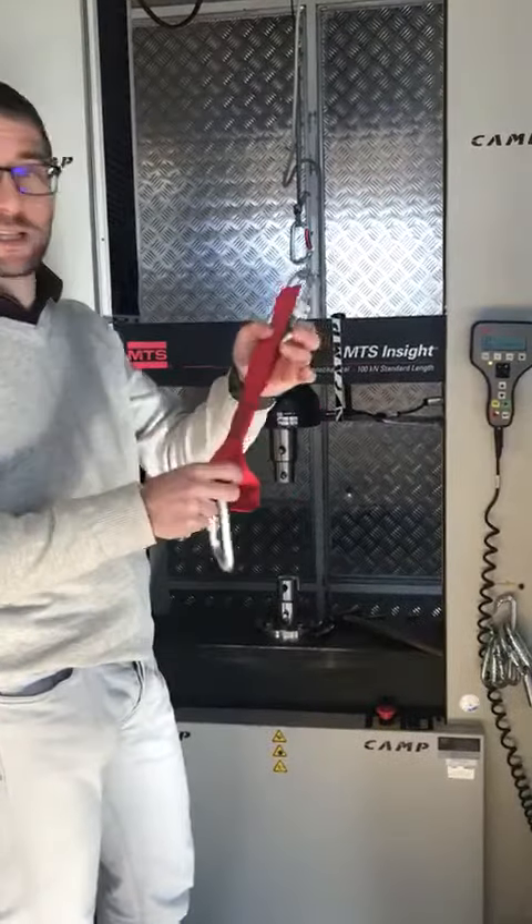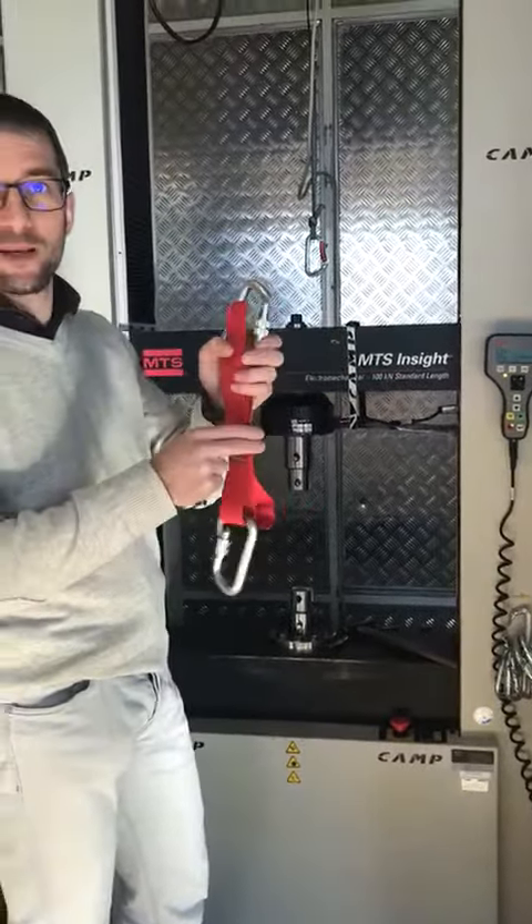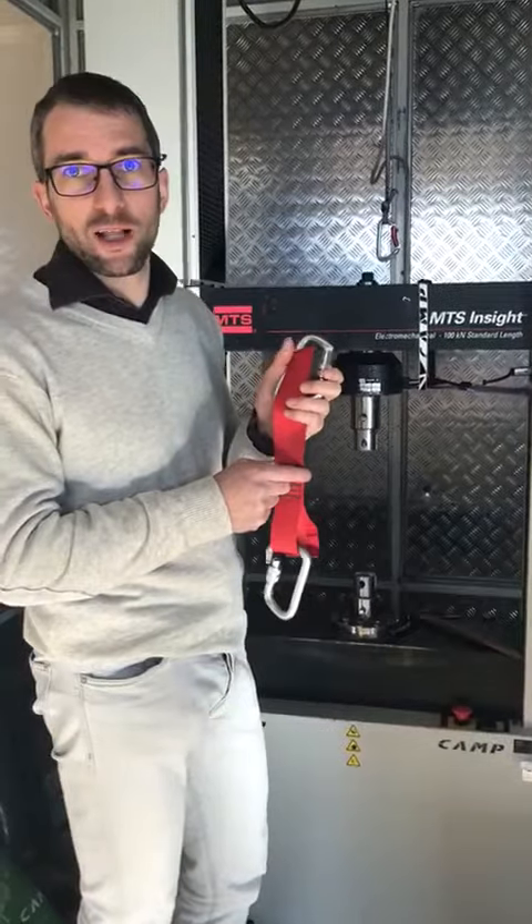We will see that probably this webbing, which is only a part of the harness, is stronger than today.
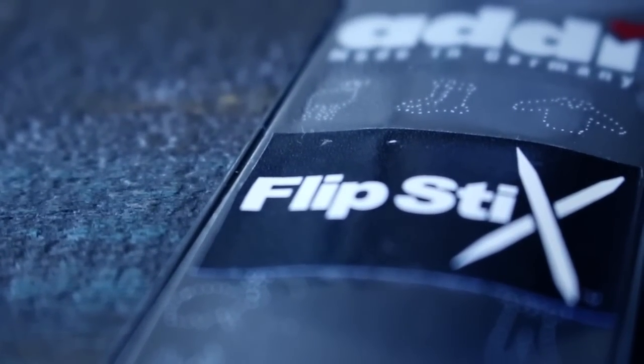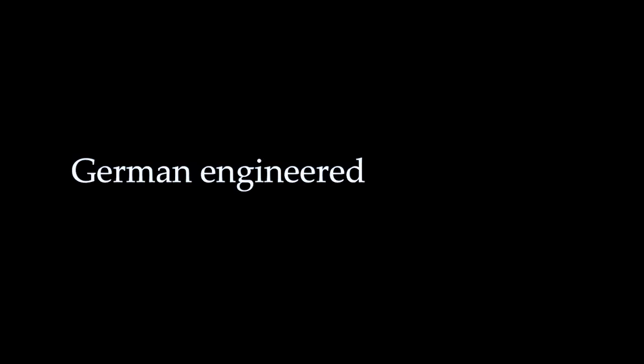Flipsticks by Addy. German engineered since 1829.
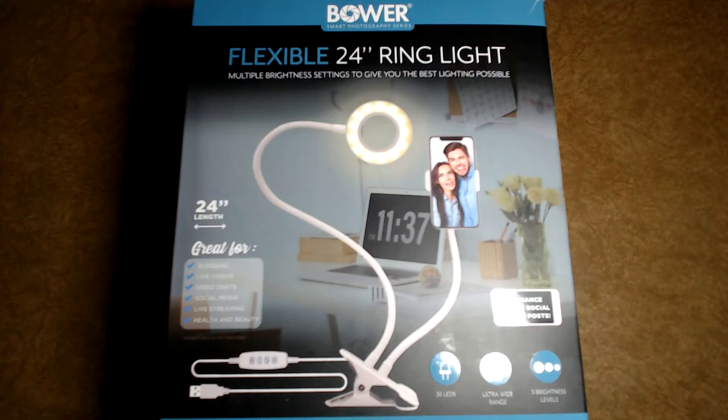Hello YouTube, Jeremy Patrick Martin here and we're going to be unboxing the Bauer Smart Photography Series flexible 24-inch ring light with multiple brightness settings to give you the best lighting possible.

EXERCISE DETAILS :: The result should be every line of the data, reproduced exactly, with the images removed.

EXPECTED ANSWER ::
We will see that probably this webbing, which is only a part of the harness, is stronger than today.
Flipsticks by Addy. German engineered since 1829.
Hello YouTube, Jeremy Patrick Martin here and we're going to be unboxing the Bauer Smart Photography Series flexible 24-inch ring light with multiple brightness settings to give you the best lighting possible.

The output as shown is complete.